-- Exercise data --
.....

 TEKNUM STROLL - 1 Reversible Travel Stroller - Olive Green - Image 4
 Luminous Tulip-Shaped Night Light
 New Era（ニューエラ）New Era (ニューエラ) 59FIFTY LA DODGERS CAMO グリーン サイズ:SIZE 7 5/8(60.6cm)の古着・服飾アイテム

.....

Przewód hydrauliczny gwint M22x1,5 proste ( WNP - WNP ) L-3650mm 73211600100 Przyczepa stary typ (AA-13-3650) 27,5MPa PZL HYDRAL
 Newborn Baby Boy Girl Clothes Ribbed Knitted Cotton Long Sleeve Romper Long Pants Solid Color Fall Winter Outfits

.....

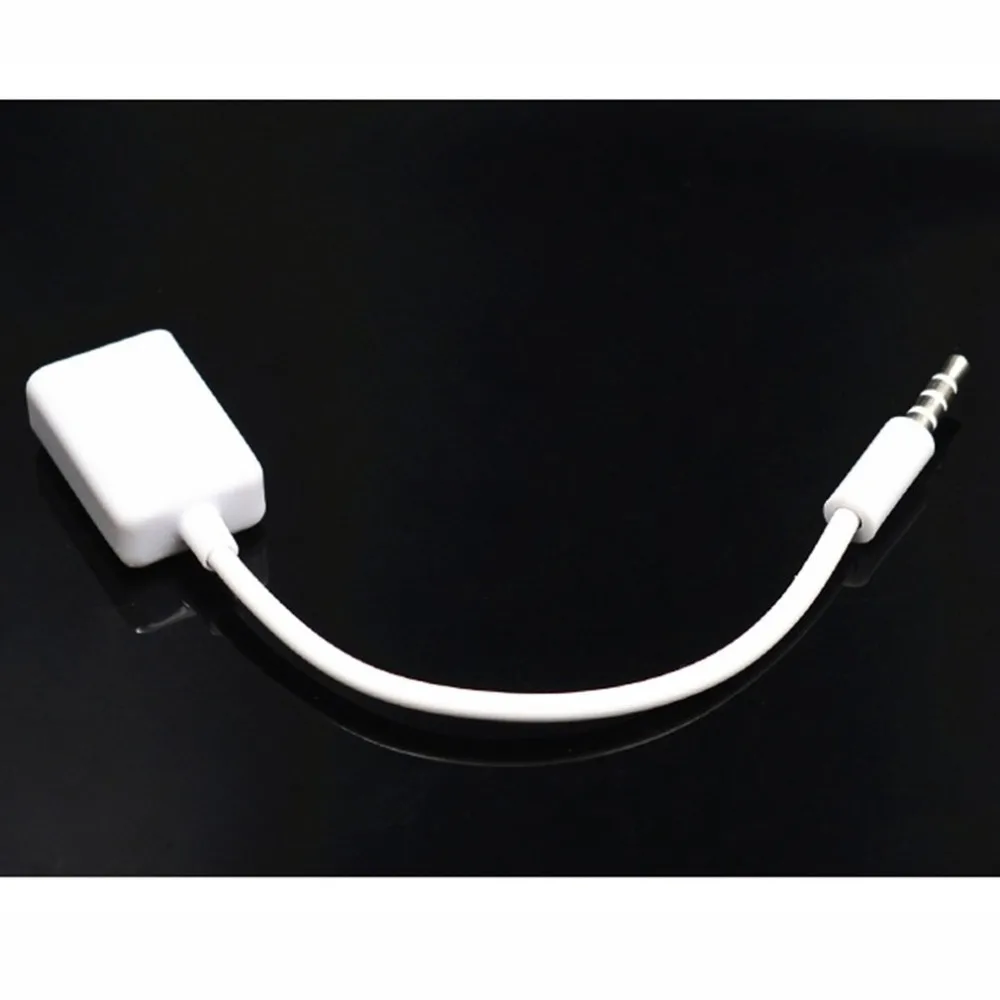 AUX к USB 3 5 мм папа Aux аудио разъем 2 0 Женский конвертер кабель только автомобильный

.....

The stretch of entries above that starts with the line containing "TEKNUM STROLL - 1" and goes on through the line containing "New Era（ニューエラ）New Era" is to be transcribed exactly, and no other line is to be transcribed.

-- Answer area --
 TEKNUM STROLL - 1 Reversible Travel Stroller - Olive Green - Image 4
 Luminous Tulip-Shaped Night Light
 New Era（ニューエラ）New Era (ニューエラ) 59FIFTY LA DODGERS CAMO グリーン サイズ:SIZE 7 5/8(60.6cm)の古着・服飾アイテム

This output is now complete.